Entrée en Shabbat – Colloque Saint-Jacut-de-la-Mer Janvier 2007

Abbaye Saint-Jacut-de-la-Mer

Plus de 200 personnes se sont rassemblées à l’Abbaye, du 12 au 14 janvier 2007, pour le traditionnel colloque inter-religions.

Entrée en Shabbat
par Philippe Haddad
Vendredi 12 janvier 2007

« Et l’Eternel bénit le septième jour et Il le sanctifia car par lui Il cessa toute Son œuvre qu’Il avait créée  » (Genèse / Béréshith I, )

Le vendredi soir nous entrons en Shabbath, et le samedi soir nous sortons du Shabbath. Telle est la terminologie traditionnellement utilisée. Les verbes entrer et sortir sont habituellement employés pour l’espace. On entre dans une maison, on sort d’une boutique.

Entrer ou sortir d’un jour, d’un temps particulier, peut paraître plus surprenantt. C’est que le Shabbath appartient aux expériences spirituelles du judaïsme comme il en existe d’aussi intense dans le christianisme ou dans l’islam ; comme il en existe dans les spiritualités du monde entier, d’hier et d’aujourd’hui.

Entrer en Shabbath, de ce point de vue, c’est sortir de l’espace fini pour pénétrer dans un temps infini. Les bornes que constituent l’heure d’entrée et l’heure de sortie ne sont que des trompes l’œil. Les mathématiciens nous ont appris que dans l’ensemble des réels (R), entre deux nombres finis, il peut exister l’infini des nombres.

Toute expérience religieuse et spirituelle invite à sortir des cadres habituels, toute expérience religieuse et spirituelle propose de l’étonnement, de la surprise, le renouvellement de notre regard sur le monde, et donc de notre être au monde.
Pendant l’expérience spirituelle rien n’est comme avant, et après l’expérience spirituelle rien n’est plus comme avant.

Réunis ensemble dans cette abbaye de fraternité, nous, juifs, chrétiens et musulmans, hommes et femmes de foi et de bonne foi, en chemin de Dieu, nous pouvons nous laisser porter par cet étonnement, prélude à l’authentique rencontre.

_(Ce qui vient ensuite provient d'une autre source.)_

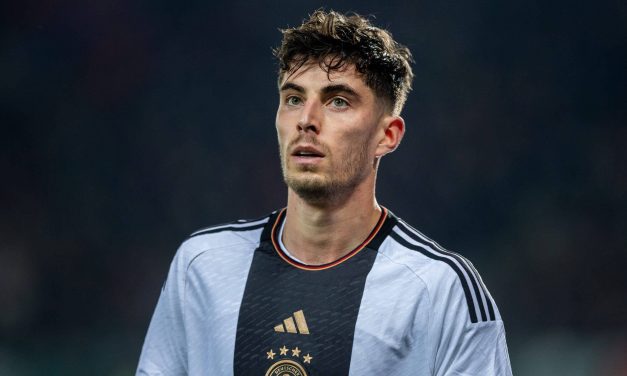 Kai Havertz Kembali Ke Performa Terbaik, Pimpin Jerman
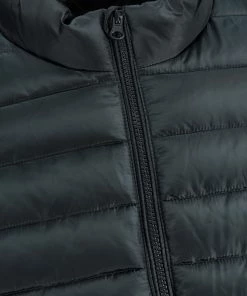 Jack & Jones JWHWING Puffer Jacket -BLACK (S, M Only)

Demain dans toutes les synagogues du monde, commencera la lecture du deuxième livre de la Torah, du Pentateuque, le livre de l’Exode, Shémoth, le livre des Noms. Nous y lirons l’épisode du buisson ardent, la première expérience spirituelle de Moïse. Moïse fut étonné qu’un buisson recouvert d’une flamme ne se consume pas.

Moïse connaissait l’expérience de la force qui dévore, de la force qui brûle, de la force qui décrète l’esclavage des hommes et la noyade des garçons nouveaux-nés. Mais Moïse ne connaissait pas l’expérience de la force qui retient sa force, la force de Dieu. Car la force de Dieu brille sans brûler, éclaire sans aveugler, réchauffe sans détruire.

De ce rapport de Dieu au monde, le midrash enseigne :  » La où tu trouves la grandeur du Saint, béni soit-il, là tu trouveras son humilité « . Pour la Bible, la puissance ne se trouve pas dans la capacité d’écraser, mais dans la capacité de se retenir pour que l’autre soi. En ce sens l’humilité n’est pas faiblesse, mais triomphe sur soi-même, en ce sens peut-elle être attribué à cet homme puisant,  » l’homme Moïse, le plus humble des humains sur la surface de la terre. « 

Telle est la texture de l’expérience spirituelle, non pas une expérience où les identités se dissolvent, une expérience où les identités se confondent, mais une expérience où les êtres vivent les uns près des autres, parce que l’un laisse une place à l’autre.
Alors, sans doute, l’expérience spirituelle révèle sa vraie nature, puisqu’elle se conjugue avec la paix, salam, shalom, qui est le nom de Dieu.